# first saltwater tank (noob)



## jwalker314 (Jul 27, 2009)

the story goes that i've always wanted to put together a salt water tank. I was always reluctant after looking at prices and equipment at petsmart and petco. Recentally i was given an acrylic 50 gallon(or so) tank with canopy and stand...very nice piece of furniture. Since I already have a 55 gallon freshwater tank with 2 fish and 2 turtles, I did not want to do with freshwater again. I am attaching pictures of everything that I had gotten for free. I know a lot of this stuff will not work for saltwater, but some backup to my own thoughts would help. I spent my entire day yesterday (literally like 8hrs) on this forum reading. I am in no hurry to get things rolling, My current funds wont allow me anyways.

I am thinking my best bet is to start with water and live sand. I plan on ordering 160lbs of dry sand from http://www.marcorocks.com/ (i have a 40 gallon long tank im setting up with land hermit crabs for my son, so some sand wil be for that) as well as 25lbs of live sand from my LFS. They also sell live rock there, but its 6.99 a pound. I would like to add maybe 100-150 lbs of rock to the tank as well (on top of the 150lbs or so of sand) I figured i would buy the minimum amount of live rock possible and get the rest dry. Like i said i am in no hurry at all to complete this project.

Now i have water in this tank already, i had assumed i could treat it mcuh like a freshwater tank (i know this is not true) my LFS sells water for cheap, probably going to start with that until i buy a RO/DI setup. I also have been running the powerheads, like i said they are used and i want to make sure they are working well in the tank. they are aquaclear50 (402) powerheads 270gph.

There is also some dry rock that came with it, looks mainly like some solid pieces (non-porous) and some hard coral pieces.

I would like to do a reef tank eventually. I understand one of the biggest cost with this is the lighting systems. I have a flourscent shop light that fits on top, would full spectrum bulbs be sufficient for this tank UNTIL i decide to put live coral in?

I also would like to incorportate a refug and a sump. I was thinking a 30gallon tank would fit nicely under the stand, or maybe even a 10 gallon and a 30 gallon.(if thats possible)

One thing i am worried about it having the bacteria die off or possibly having the tank not be cycled properly, if i get my sand and rock in the tanks (no filtration, just powerheads) and the tank cycles....lets say i dont do anything with the tank for 6 months (other than just having the rock and sand) will that hurt anything, should i put some food in the tank for the bacteria to feed on...or even a crab or two. I dont want to buy the cheapest stuff i can find just to get this running...i'd like to do it right the first time (with the exception of the lighting, i would like to upgrade that when i decide to add coral) 

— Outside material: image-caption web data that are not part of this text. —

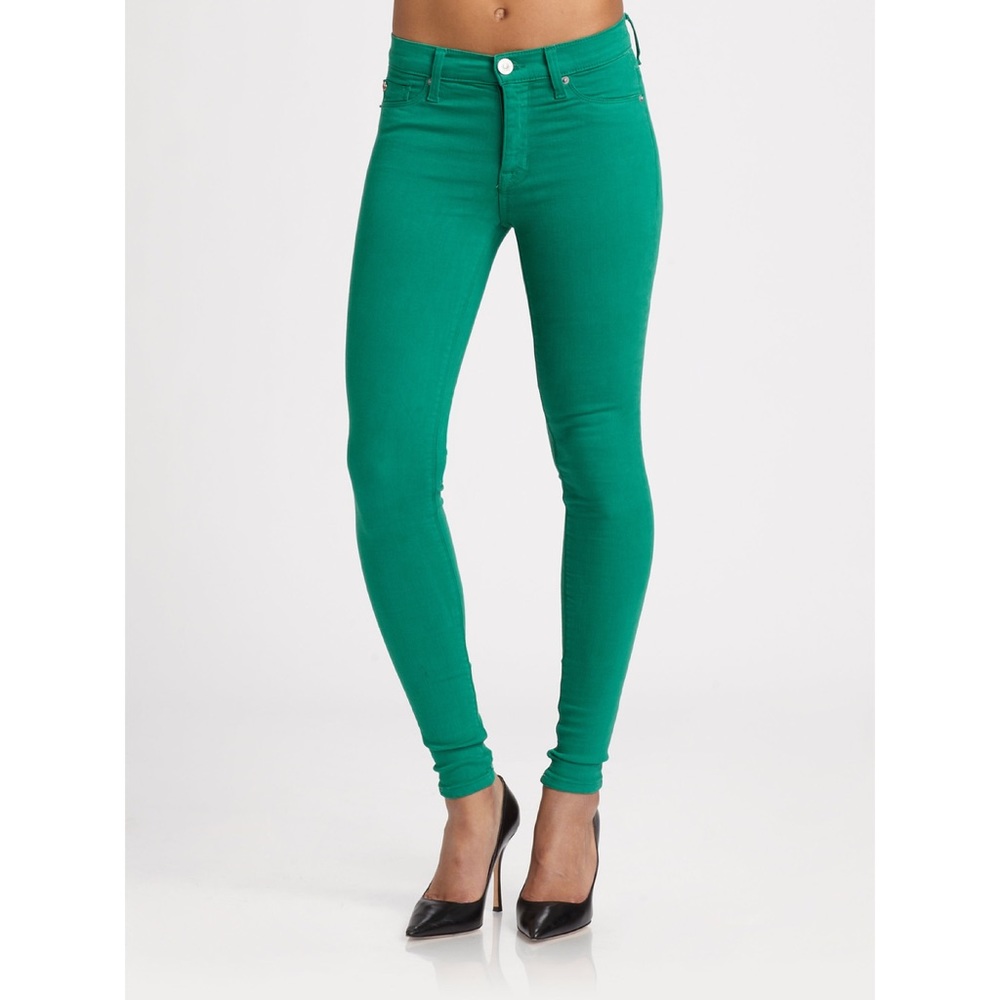 ***FINAL PRICE*Hudson Nicole Midrise Super Skinny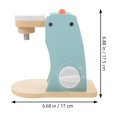 thumbnail image 2 of 1 Set Kids Wooden Coffee Maker Toy Espresso Machine Toddler Toy Kitchen Set, 2 of 6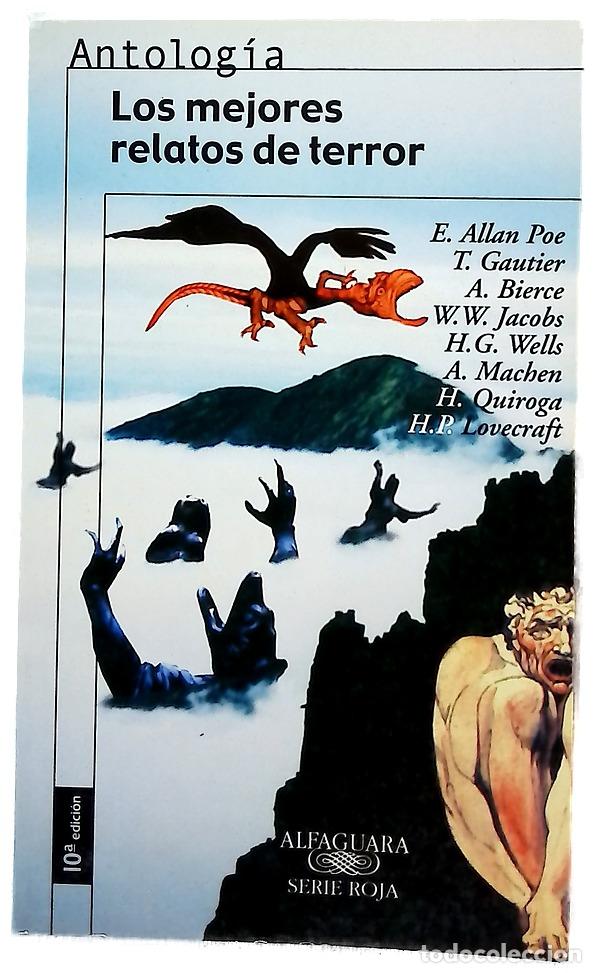 B&uuml;cher: Los mejores relatos de terror antolog&iacute;a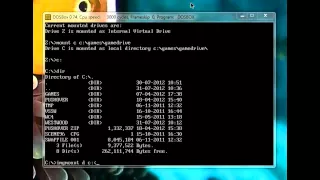 DOSBox CDROM tutorial: creating, mounting & playing a DOS CD-ROM game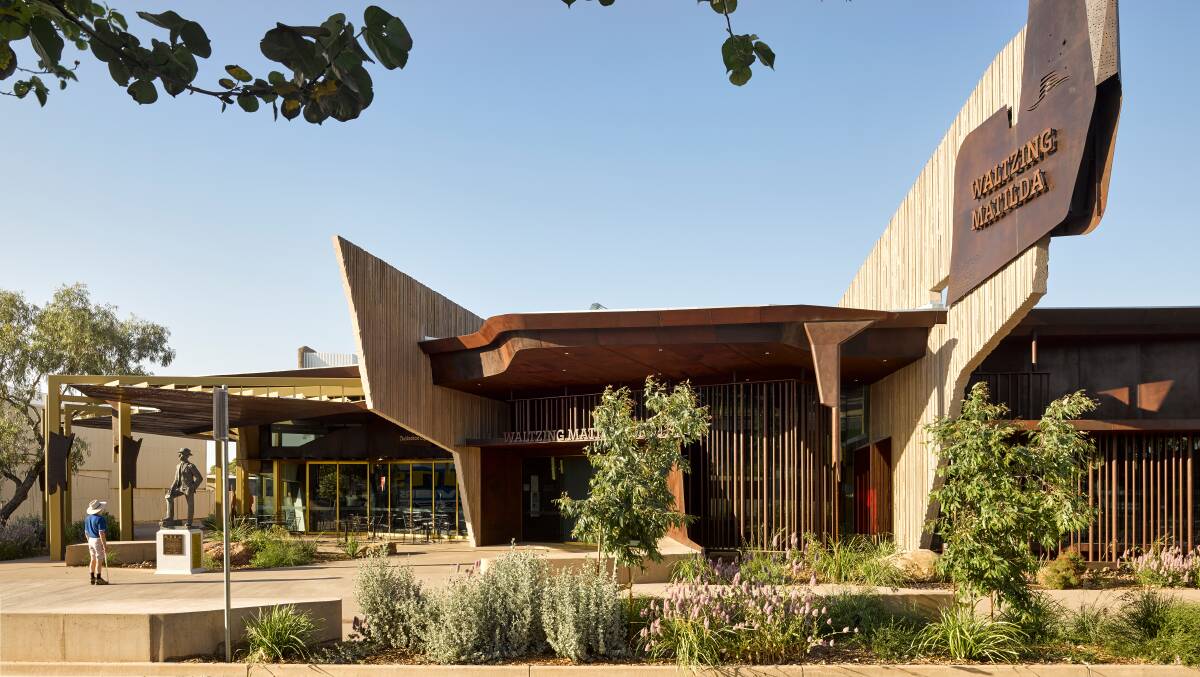 Winton's rebuilt Waltzing Matilda Centre has won an award at the 2019 Australian Interior Design Awards.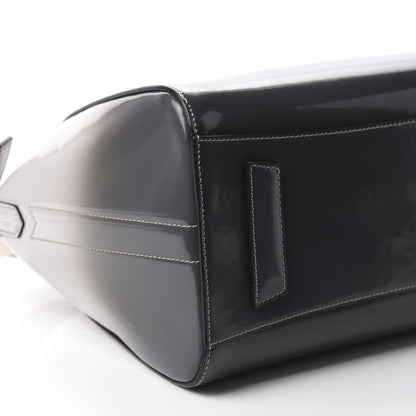 Givenchy Patent Lambskin Degrade Small Antigona Grey 7 of 11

Another thing, as far as the sump goes, would it be beneficial for drill the bottom of the tank out to run piping, over having an elbow siphon the water out. And this tank is not "reef ready" but i can certainly attach arylic panels in the corners to accomplish this...as long as there is a benefit to it...

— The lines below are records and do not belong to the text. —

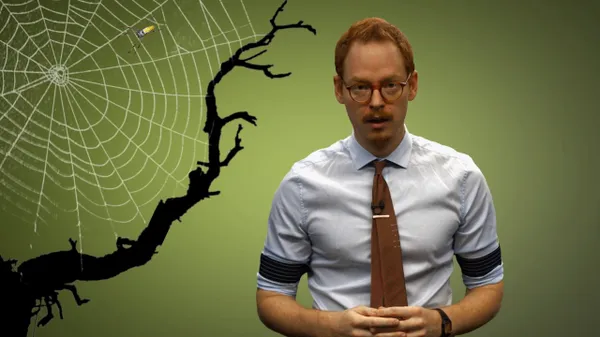 Preview thumbnail for Ask Smithsonian: How Do Spiders Make a Web?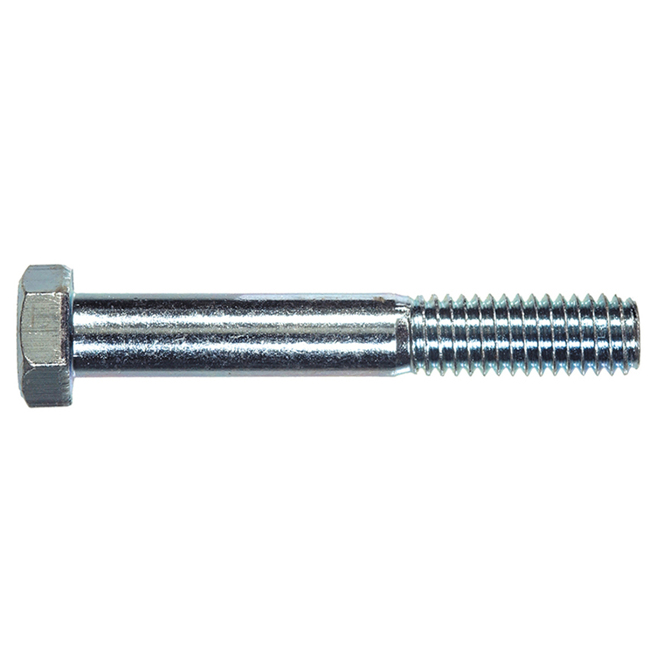 Hillman 1/2-13 x 5-in Zinc-Plated Hex-Head Standard SAE Bolts - 25/Pk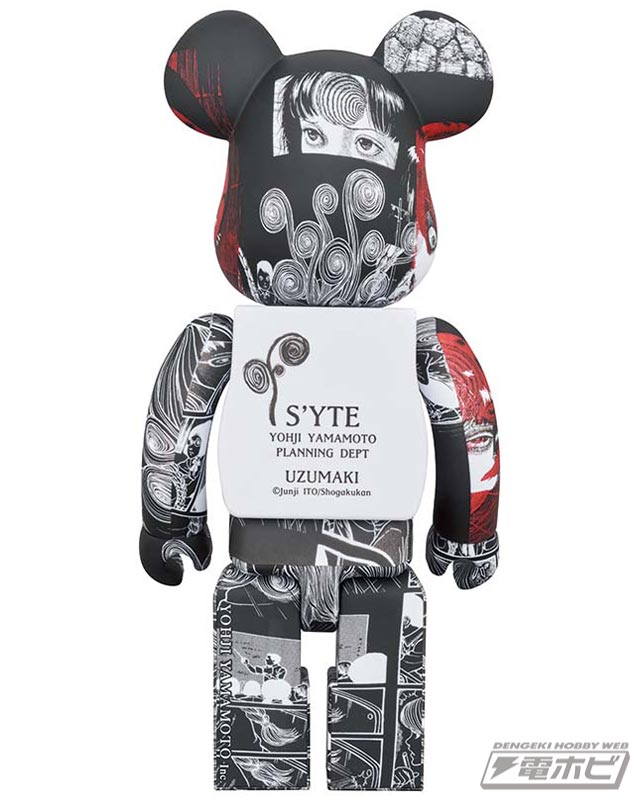 S'YTE×伊藤潤二！妖しくも美しい『富江』と『うずまき』デザインのBE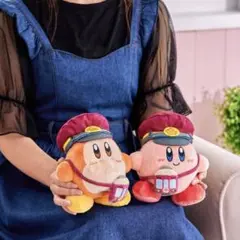阪急電車 星のカービィ カービィ ワドルディ ぬいぐるみ マスコット
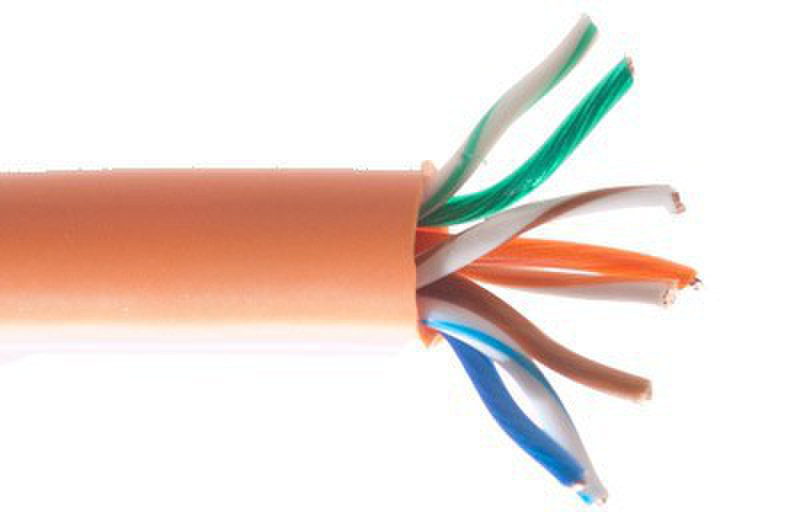 Steren 304.8m Cat5e 304.8m Orange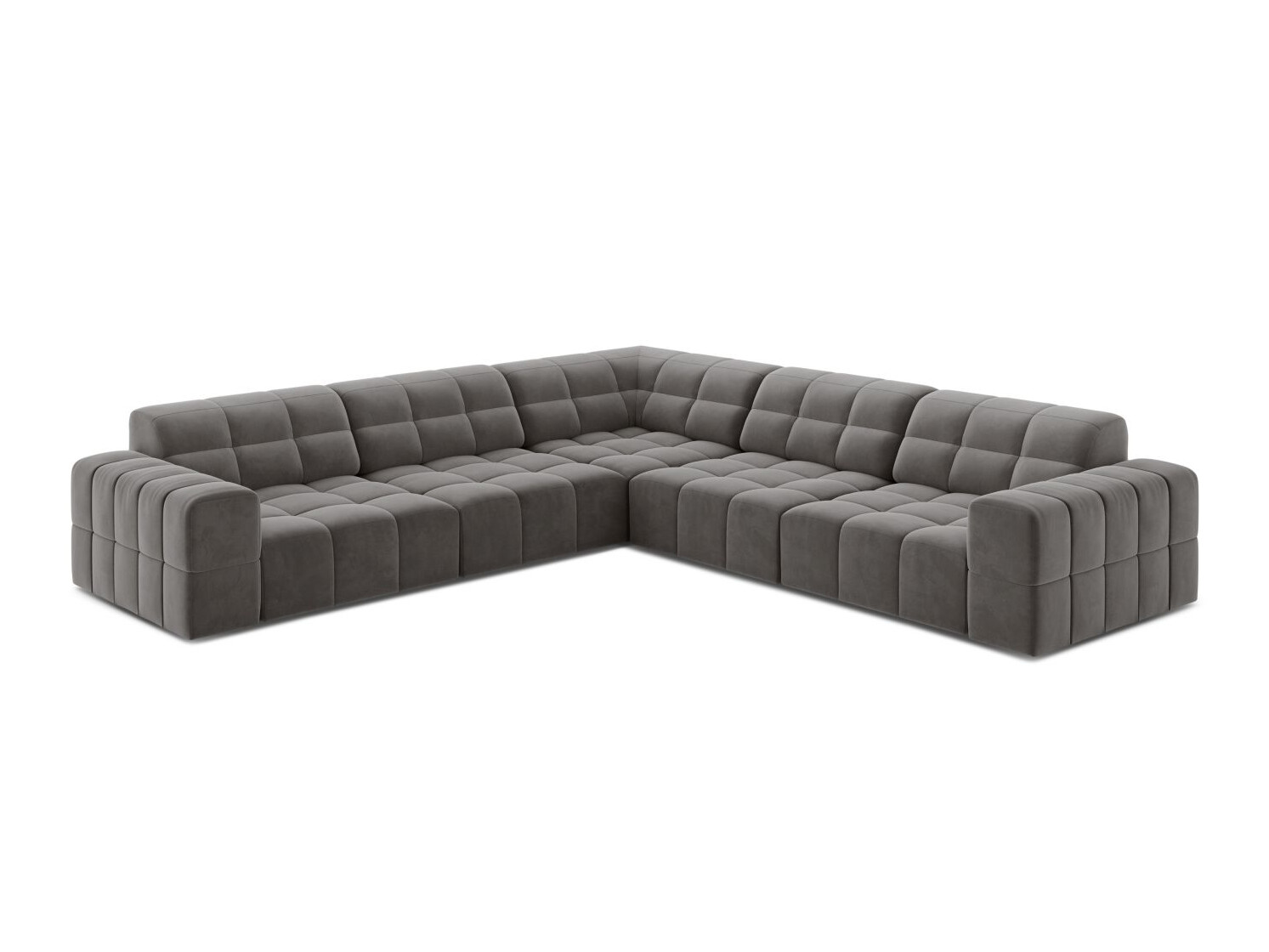Modularna kutna garnitura Somelo 104 (Bluvel 13)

I have an electric heater for the tank too, looks like it was for a freshwater...would this be sufficient to start with?

the main thing i would like to start with is "making" my live rock and sand, based on purchasing a minimal amount of "live" sand and rock. Which will take time from what i understand, which is what i have. so i guess what im asking is, would the power heads, flourscent full spectrum bulbs, premade water, sand and rock be sufficient to accomplish this? and maybe a crab or two once it has cycled.

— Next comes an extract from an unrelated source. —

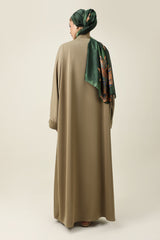 PRESTIGE MOTIF ABAYA-GREEN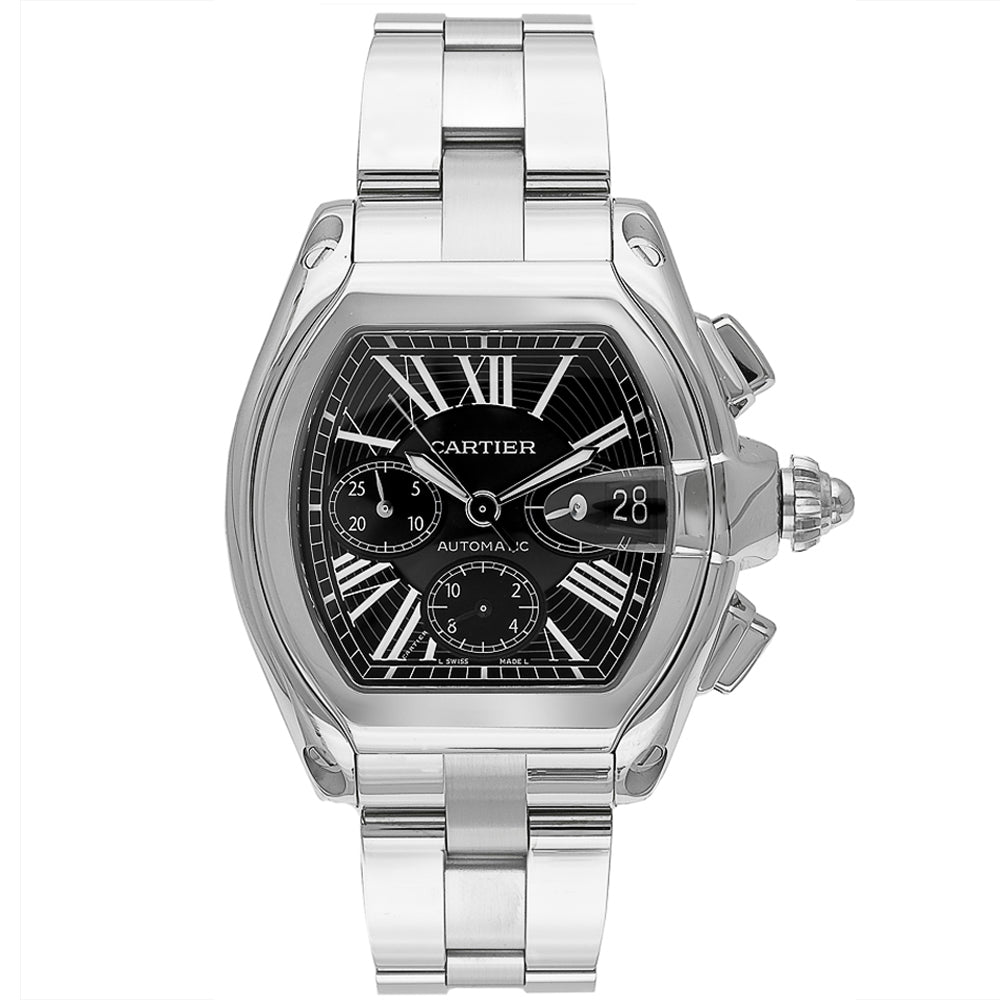 Cartier Roadster 40mm Stainless Steel W62020X6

thanks again for taking the time to read all of this, i know i rambled on about a few things..i suppose im anxious to be learning something new and taking on a new adventure.



the pictures:
Out of all those rocks, it seems like there is only one that will work well, im assuming the solid rocks will only hinder the filtration process.

I dont think there is any use in saltwater for that "waterfall" style fresh water filter, is there

The tank came with gravel, im also assuming this has no purpose in saltwater, i would like to do a deep sand bed.

The last two are pics of my freshwater setup and a closeup of one of my turtles and my Red Belly Pacu


----------



## jwalker314 (Jul 27, 2009)

my checklist to get so far:
25lbs Live Sand
125lbs Dry Sand
100lbs of Dry rock
25-50lbs Live rock

RO/DI System ( AQUA REEF RO DI REVERSE OSMOSIS WATER FILTRATION SYSTEM - eBay (item 380141380903 end time Jul-27-09 21:04:10 PDT) ) (eventually)
48" Current USA Nova Extreme T5 HO 8x54watt with Lunar Lights (once i start to add coral)

any comments or recommendations would be apperciated...

i also dont know what kind of protein skimmer to get, ive read about a few different kinds.


----------



## Pasfur (Mar 29, 2008)

I really like your plan. I agree with the majority of the decisions you have made up to now. 

On the subject of rock, the only rock I would use is the large Tufa rock with the 2 holes, in picture #7.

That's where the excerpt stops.